The principal technologies that will prevail in the transitional era (without exhausting the whole picture) are photovoltaic energy production, wind power, and combined heat and power (CHP). The first two use renewable sources, whereas the latter requires raw material that can be differentiated (oil, natural gas, biomass, etc.). The performance of these technologies is greatly dependent on geo-spacial conditions. Since, the access to renewable sources as well as the spatial distribution of human activity is subject to geographical differentiations, we will have to keep an open mind to any technology or mixtures of technologies that can efficiently utilise local wealth and local social conditions. For example, the cogeneration is more suited to dense urban areas where the installation of wind turbines is practically impossible and the use of photovoltaics impinges on the complexity of administrative barriers, especially when it involves the presence of multiple small properties.
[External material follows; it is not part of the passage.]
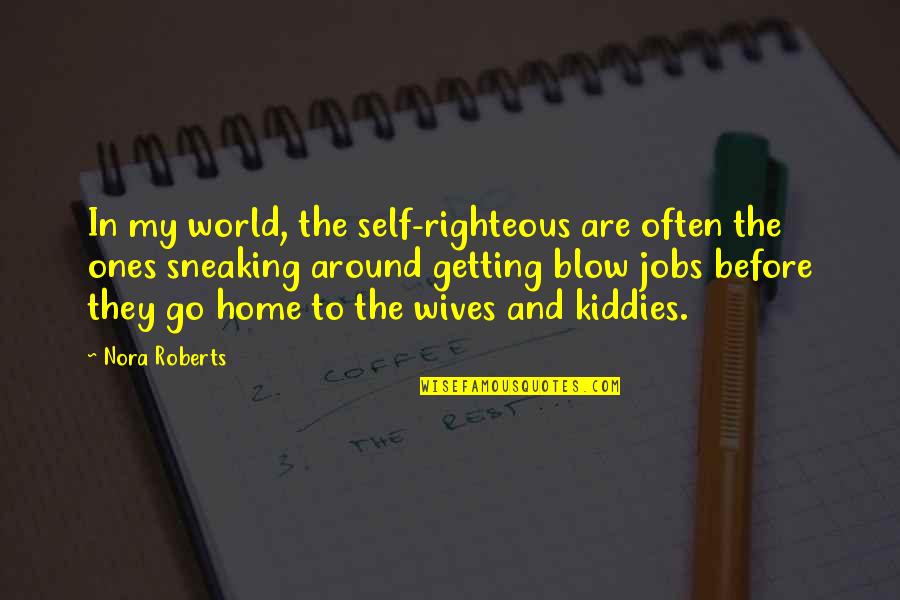 Gebruiken Nepal Quotes By Nora Roberts: In my world, the self-righteous are often the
The use of photovoltaics is favoured by appropriate architectural design of isolated houses in areas of long sunshine duration, whereas the wind potential is richer in island areas of the country. It may sound trivial, but it actually isn’t: policies have to allow for the biggest possible freedom of choice to the producers as to what modes of production will be used and what types of institutional form the cooperation will take, whereas central planning might be proven catastrophic. In reality, central planning will have to be limited to the formation of a loose regulatory framework of participation that will mainly aim at safeguarding ecological sustainability. The production potential of individuals and local societies will have to be set free in order to organize -using the inventiveness that characterizes collective participation- local networks of energy production and distribution.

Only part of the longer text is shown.